After spending some time with (Sag, Wasow, Bender, 2003) and (Copestake, 2002), I wanted to see just what is involved in implementing a processor for feature structures and the grammar for parsing sentences. The two texts mentioned helped me know where this was going, and having LKB (http://wiki.delph-in.net/moin/LkbTop) as a model meant I didn’t have to venture into uncharted territory.
So, I wrote a program that works with feature structures based on the descriptions in the two texts listed. There are several pieces involved in this program:
- TDL parser. Read in a file that contains Type Definitions. The syntax of these definitions are taken from Copestake.
- Feature Structure processor. Unification is the main task for managing feature structures. This means combining two or more feature structures into a combined structure while ensuring that rules for unification are not broken.
- Earley style Chart Parser. The Earley algorithm (http://en.wikipedia.org/wiki/Earley_parser) manages a list of potential partial solutions to the parse and continues to expand these partial solutions until one or more complete solutions are found.
- Viewer. The feature structures are displayed in an Attribute Value Matrix (AVM) viewer that allows the user to selectively minimize portions of a structure to maximize screen usage. These tend to be large images, so the selective minimization is a necessity even for relatively short sentences.
So, the program reads in the type definition file, manages a list of feature structures for grammar rules as well as word definitions, parses sentences, and displays the feature structure results for the sentence parses.
This is an image of a sentence that was parsed using feature structures. This is the minimized form.

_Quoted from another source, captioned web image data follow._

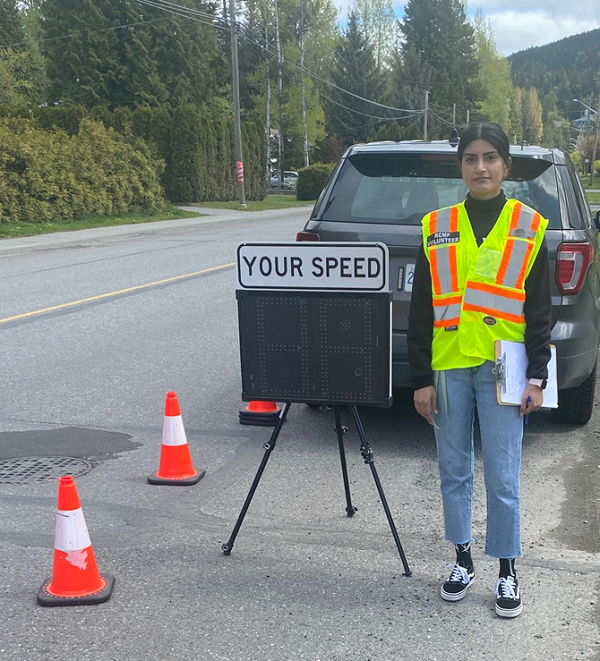 Volunteer standing with Speed Watch Sign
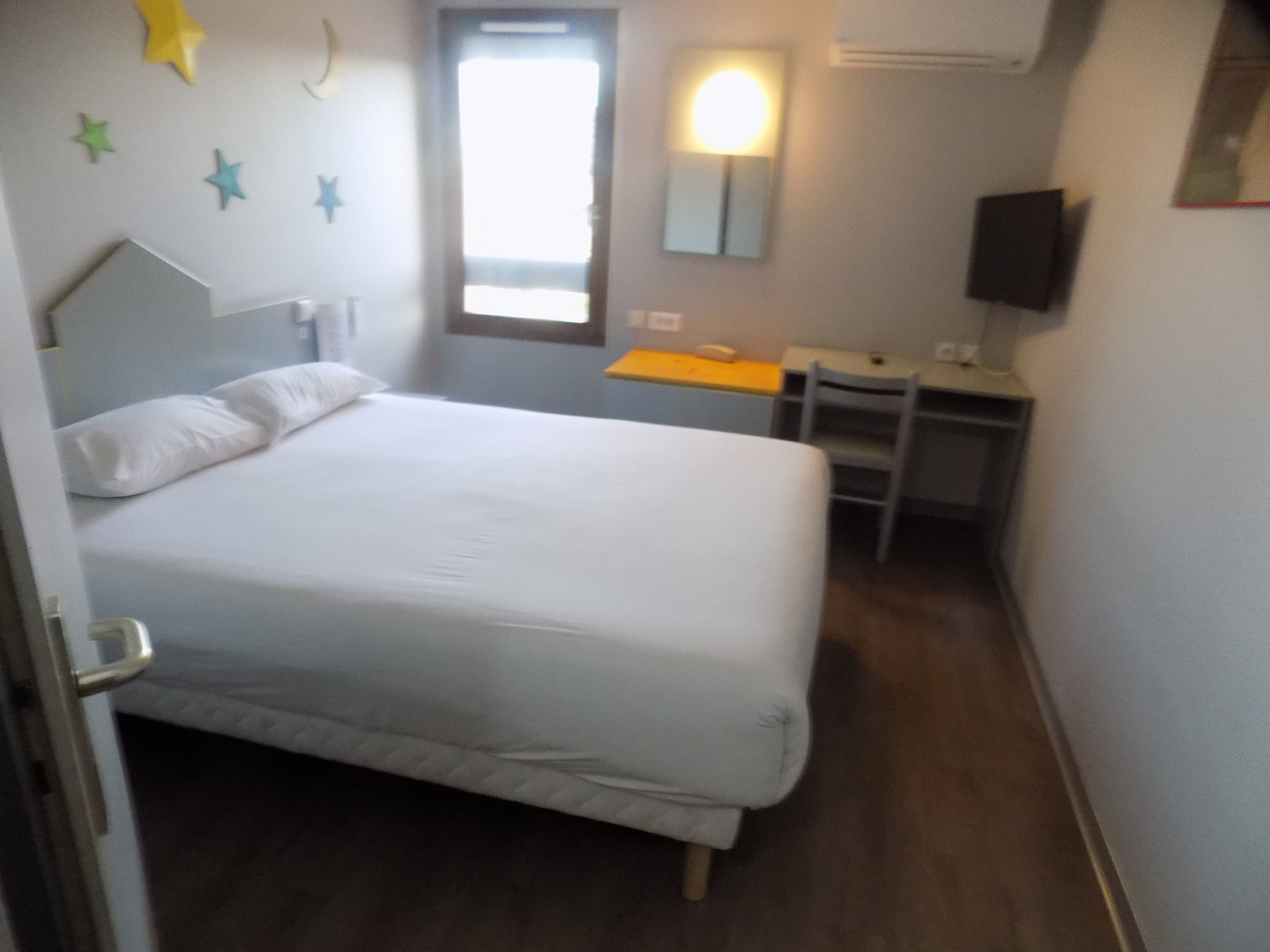 A bedroom with a bed, a desk, and a chair. There is a window with a view of the outside.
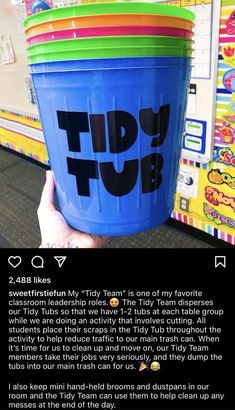 a person holding up a blue bucket with the words tidy tub written in black on it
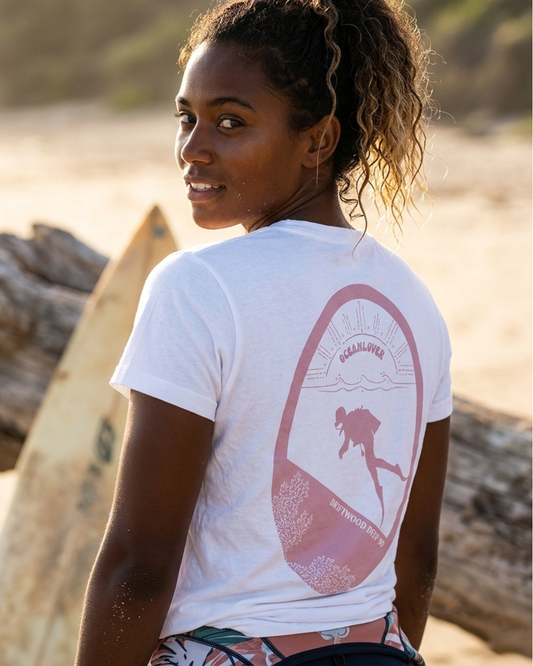 Woman wearing a white t-shirt with a graphic design on the beach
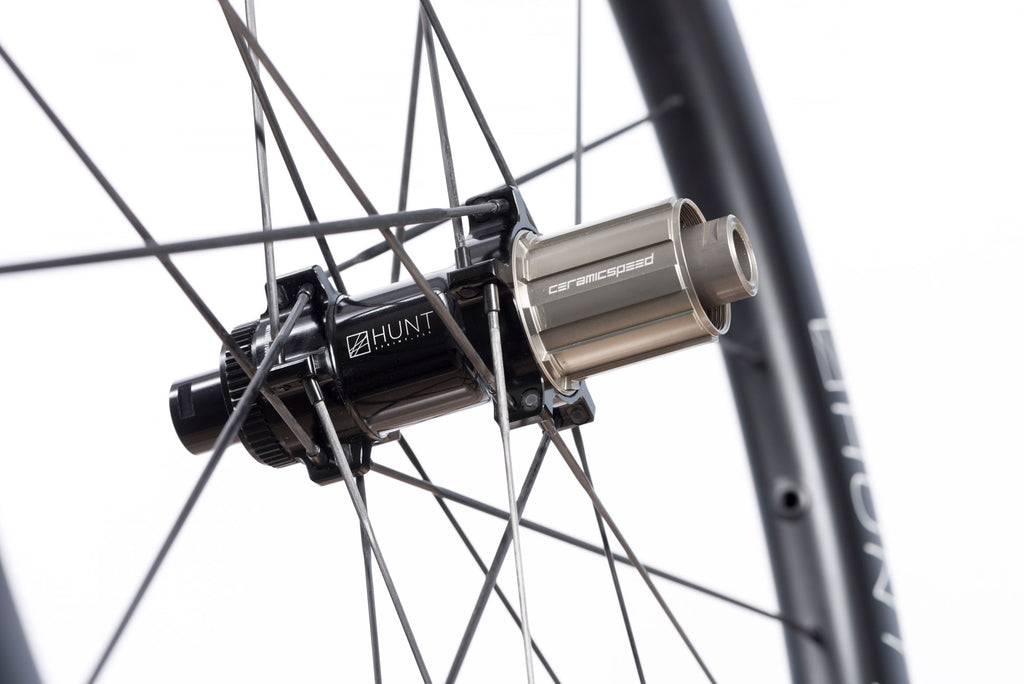 Detailed photo of the rear hub of the HUNT 48 Limitless UD Carbon Spoke Disc wheelset, showing the CeramicSpeed components included to make the wheel as fast and efficient as possible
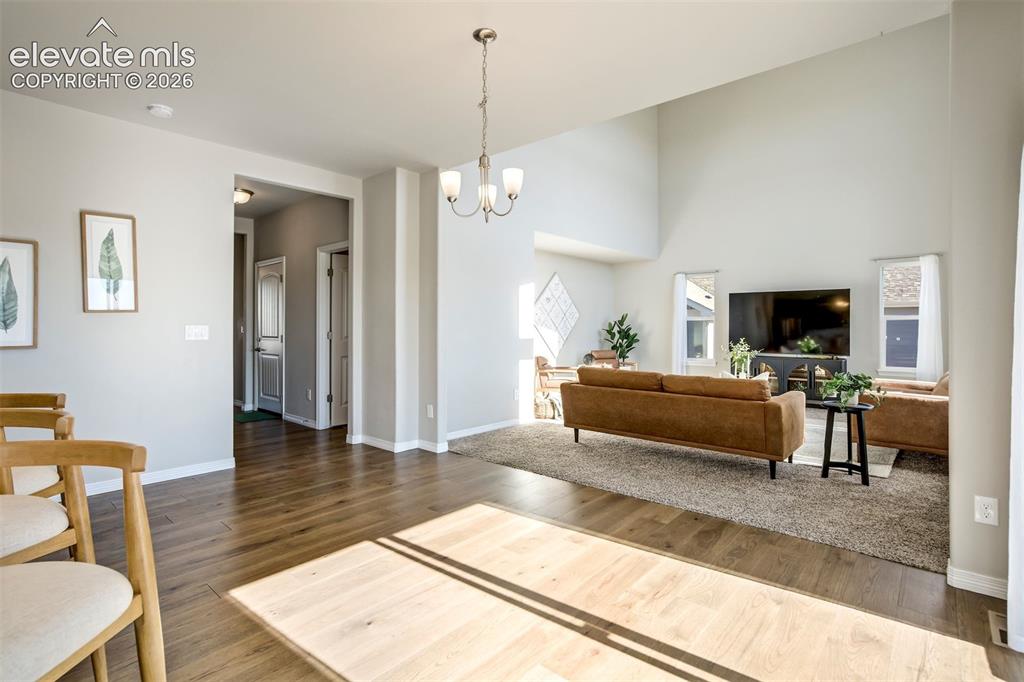 Image 8 of 47: Open concept living space featuring wood-finish flooring, vaulted ceilings,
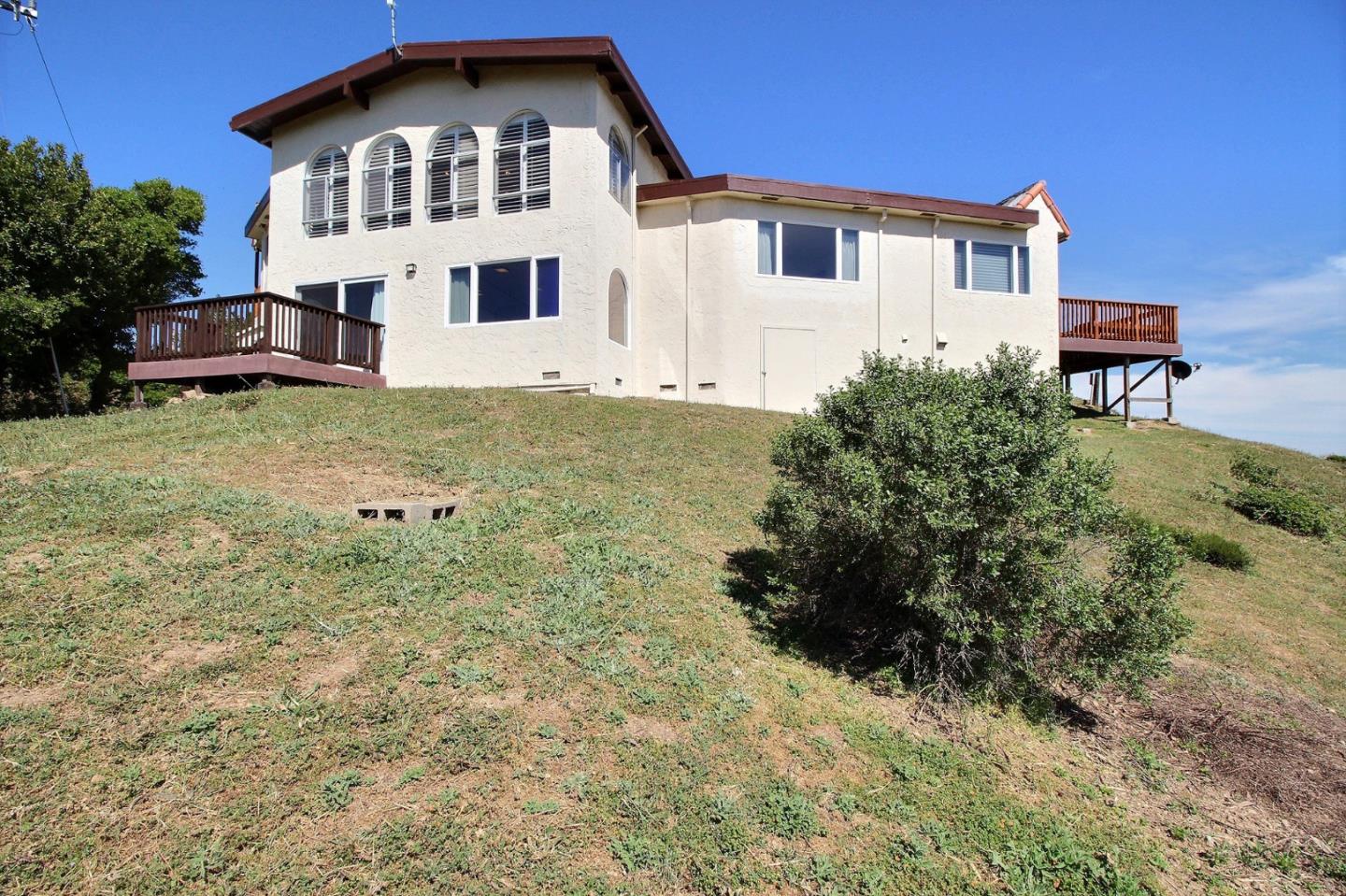 16999 McGill Road Saratoga, CA 95070 - Photo 36 of 41 a front view of a house with a yard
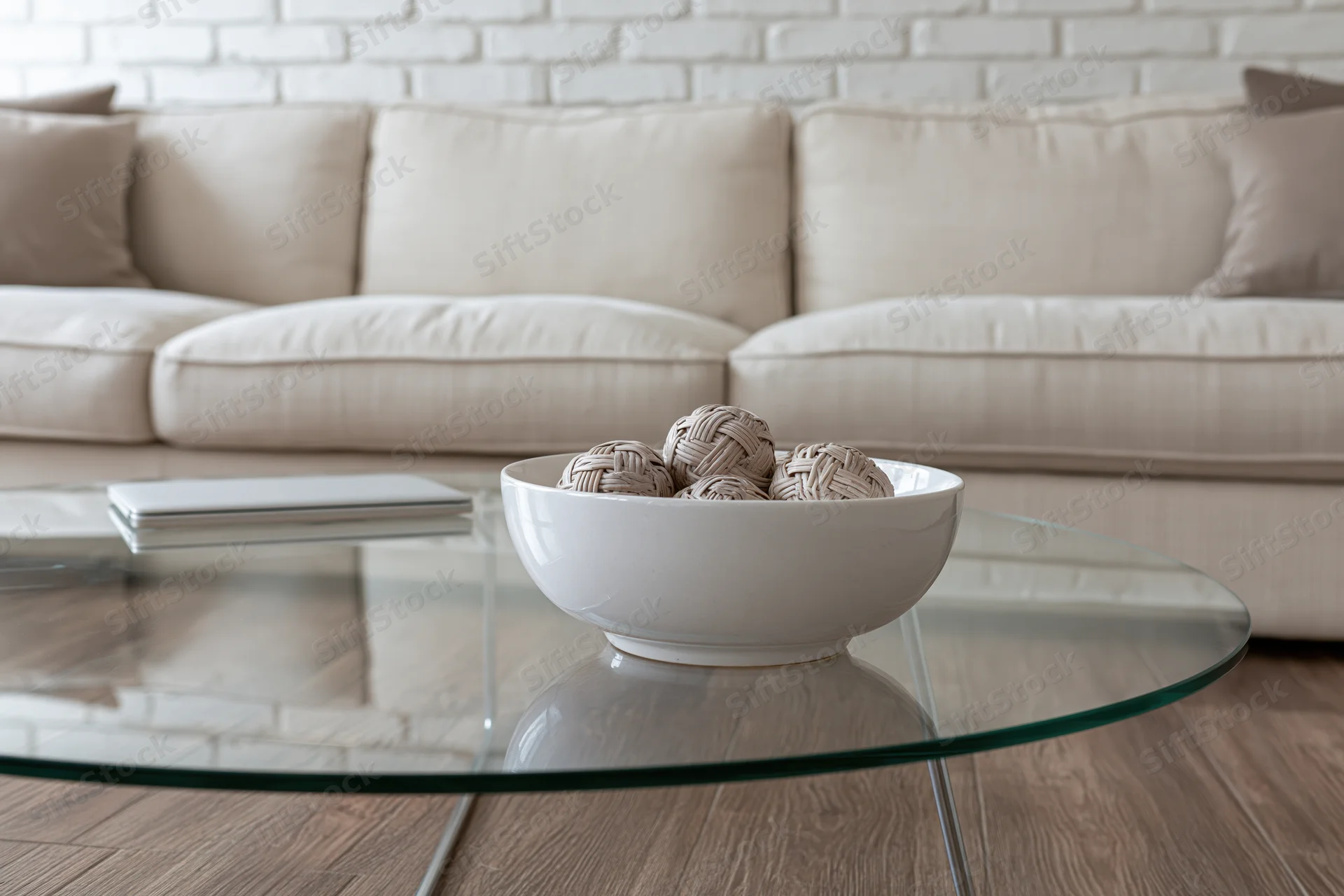 Glass coffee table with thin metal legs holding a white bowl of woven decorative balls in a living room with beige sofa and brick wall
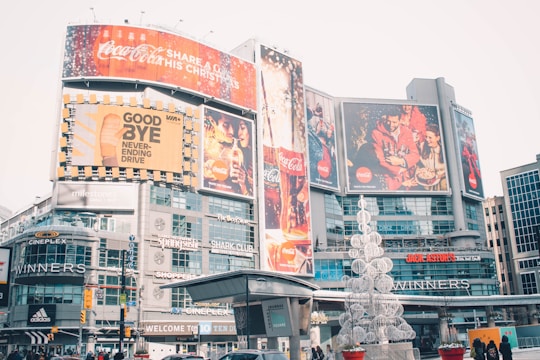 An urban cityscape featuring a bustling commercial area with large advertisements and billboards. Prominent brand logos like Coca-Cola are displayed on the large screens. The area is lively with various shops and brands like Cineplex, Adidas, and Winners visible. There is a decorative sculpture resembling a Christmas tree made of white spherical structures in the foreground.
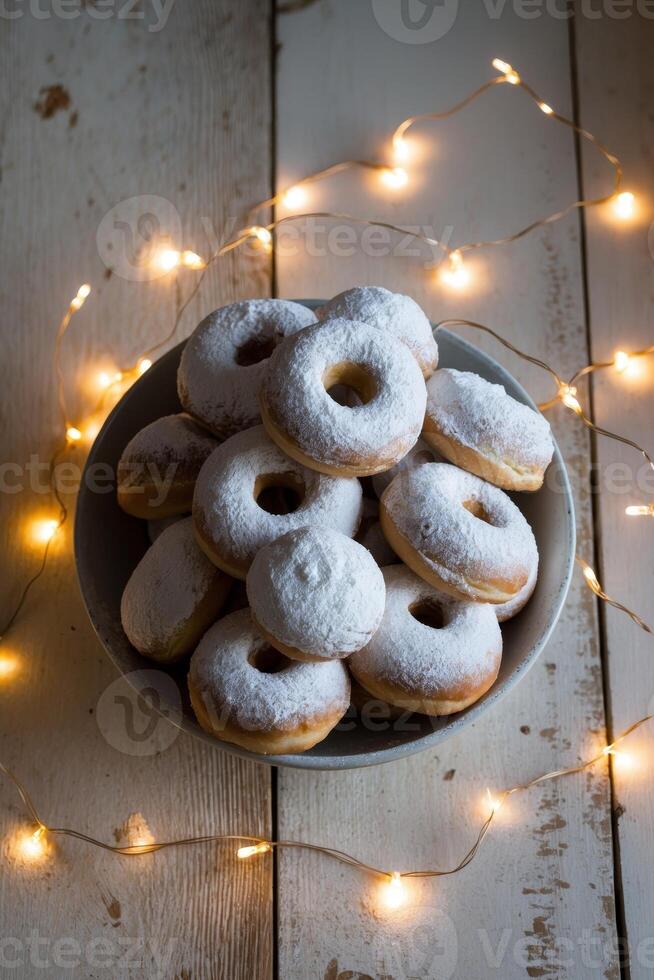 A Bowl Filled with Sweet Doughnuts Covered in Powdered Sugar and Surrounded by a String of Warm Lights on a Wooden Surface photo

This image shows the structure of the sentence. ‘the dogs’ is a noun phrase, as is ‘the cats’. ‘chased’ is a verb with ‘the dogs’ as its specifier and ‘the cat’ as its complement. ’start’ is the term used here for the top level container of the sentence.
Here is the same sentence expanded to show the ‘feature structures’ of each part of the sentence.

The feature structures are the various portions shown in square brackets and angle brackets. It is a nested structure which means there are pieces inside other pieces. So ‘the’ and ‘dogs’ are inside the np-rule. The np-rule and the vp-rule-intrans are inside ’start’ which is the sentence.
The features are the items in square brackets. For example ‘CATEG’, ‘NUMAGR’ and ‘ORTH’ are all features in the structure for ‘dogs’. ‘CATEG N’ means that this stucture is a noun. ‘NUMAGR pl’ means the structure requires agreement for number which in this case is ‘pl’ (plural).
The numbers inside squares are coreferences. These mean that whereever a number is repeated, those features must have the same value. So there are 6 places that show a ‘3′ inside a square. Each of these places must ‘allow’ the same value. So for example ‘the’ and ‘dogs’ both allow plural. Whereas “a dogs” would not have worked because ‘a’ can only be used with singular nouns. Similarly ‘ran’ allows plural, whereas ’sleeps’ doesn’t allow plural – you don’t say “the dogs sleeps”.
This has been a pretty involved project. I am glad to have made it this far. I plan to describe a few of the components of the program in a little more detail. As for future work, I am currently working on making the parser more efficient. Making the parser run faster is required for it to be useful in future work. After that, I want to see how to apply this to solve the entailment problem (see earlier posts).